Finding beauty in the agricultural landscape: How the social and demographic uniqueness of a population relates to preferences for farmland practices

Peter Howley, Cathal O. Donoghue and Stephen Hynes. "Exploring public preferences for traditional farming landscapes." Landscape and Urban Planning, no. 104 (2012): 66-74.

Agricultural land provides the public with more goods than just the food and fiber for sale in markets. Farmland also provides public environmental and social goods – benefiting water and soil quality for example, or providing aesthetic beauty or strengthened identities for those who find cultural significance in farms. Nonetheless, expanding populations and increased economic wealth contribute to urbanization and development of agricultural land. Furthermore, economic pressure to feed the most people per farm has caused a shift from traditional rural extensive farming to industrial intensive agriculture—which is less likely to provide the same environmental and social benefits to the public.
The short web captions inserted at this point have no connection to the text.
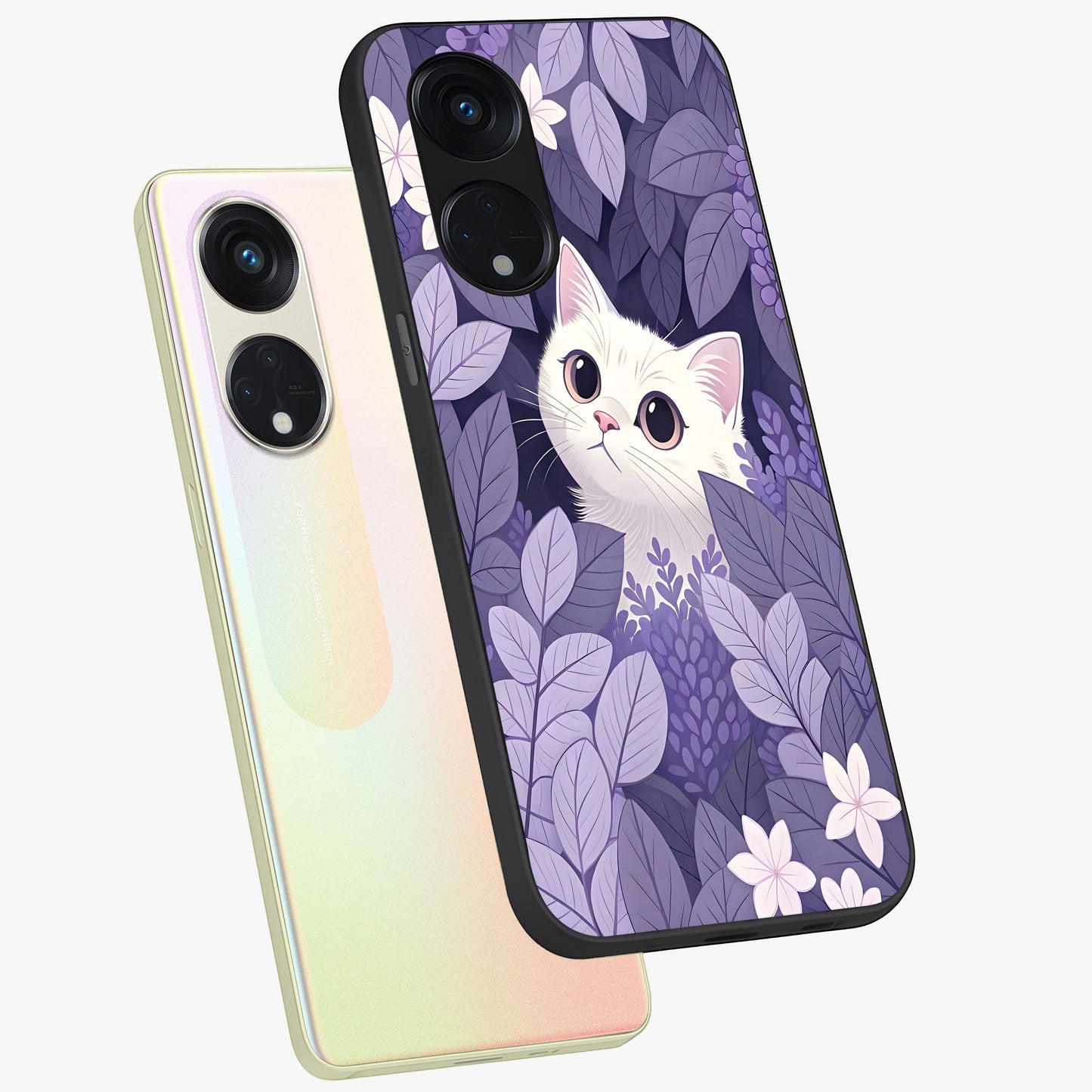 Lilac Hide Peek Cat Glass Case displayed in angled mockup highlighting playful feline illustration with lilac aesthetic design.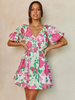 Robe Eté Courte Imprimé Fleurie Femme avec Manches Courtes Amples à Col V Coupe Cintrée Bas Evasée Robe Sexy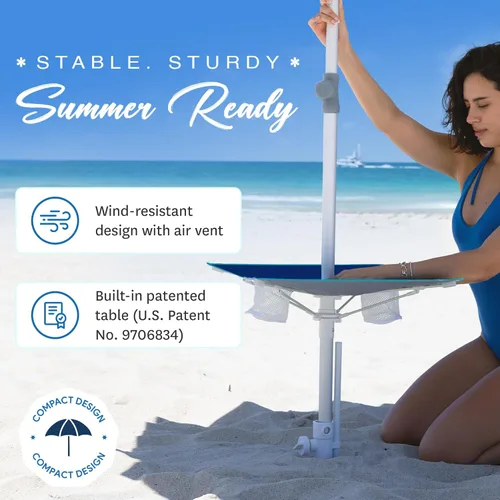 Miniatura 4 de AMMSUN Sombrilla de playa resistente de 7 pies para vientos fuertes con anclaje de arena, poste inclinable con ventilación y bandeja de mesa Azul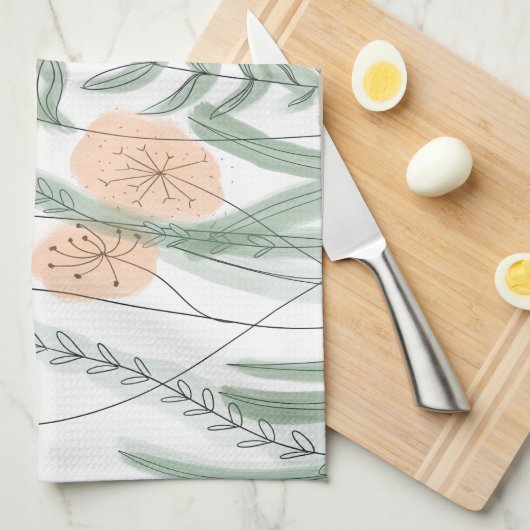 Orange Wildblumen Geschirrtuch (Viertel Falte)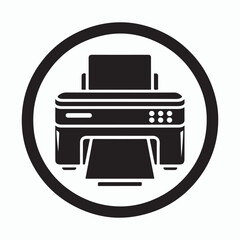 silhouette printer icon vector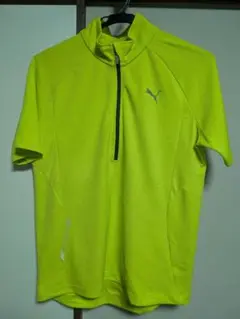 PUMA 蛍光イエローハーフジップTシャツ（Ｓ）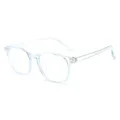 Lunettes anti-lumière bleue tendance monture bleu clair transparent style quotidien chic - Cadre Bleu Transparent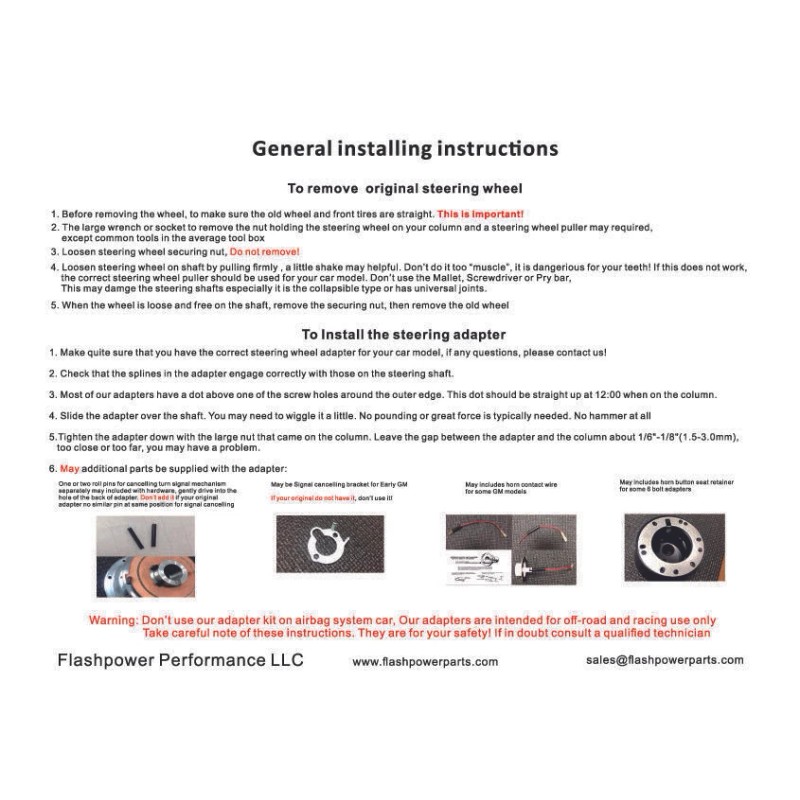 FLASHPOWER GM Chevy Steering Wheel Adapter 9 Bolt Billet Polished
To make better policy, decision makers must understand the public's values and preferences.  Howley, Donoghue, and Hynes, a team of scientist from the National University of Ireland and the Rural Economy Development Programme, joined together to determine whether there are distinct personal characteristics that can impact preferences for agricultural landscapes. They published their findings in a 2012 article in Landscape and Urban Planning.

Through a national survey, Howley's team measured whether population demographics and environmental value orientations impact how people rank the beauty of traditional or industrial agricultural landscapes. Demographics include age, place of residence, familiarity with the landscape, and gender. Environmental value orientations include an individual's beliefs about the environment and how that person relates to nature. Environmental values are relatively permanent and are life goals or principles that guide people's behavior and decision making. Some examples of environmental value orientations are those with nature-centered or human-centered value systems.

Interviewees were asked to rate the beauty of agricultural landscapes using different photos of farms. Some of the farms in the photos used traditional extensive farming and some used industrial intensive farming practices. Traditional farming systems mix cultivating crops with raising livestock on semi-natural grasslands. Industrial farming practices focus on simplified crop rotations and are less likely to include these semi-natural grasslands. The team also asked the interviewees to indicate how strongly they agreed or disagreed with 12 statements about the environment to capture the interviewees' environmental value orientations. 

Eighty three percent of respondents found the quality of the surrounding landscape a very important or important factor in choosing where to live. Almost 85% of those surveyed mentioned that they were very concerned or fairly concerned about the environment. Howley's team suggested that respondents' perceptions of their surrounding landscapes are important to the public and that the public is generally concerned with environmental issues.

The respondents found the rural extensive agricultural landscapes more aesthetically pleasing than the intensive industrial agricultural landscapes, although the individuals appeared to find all the farming landscapes beautiful.

Several demographic variables were found to have an effect on individuals' landscape preferences. Older people, females, and those who already live rurally were more likely to prefer traditional farm landscapes.

Individuals labeled as "multi-functionalists" – people who value the multi-functionality of an agricultural landscape and how it can provide a range of marketable and non-marketed goods – were much more likely to rate traditional farm landscapes as extremely beautiful. The "environmental apathetic" – people who have a negative attitude towards farmland – were less likely to rate the traditional landscapes as extremely beautiful.

As developmental pressures force farmland into urbanization and economic pressures drive farmland to become more productive, decision makers can encourage policies that capture the environmental and social goods from agricultural land that are valued by the general public. One way to do this is to tailor policies by local population demographics and preferences for agricultural landscapes.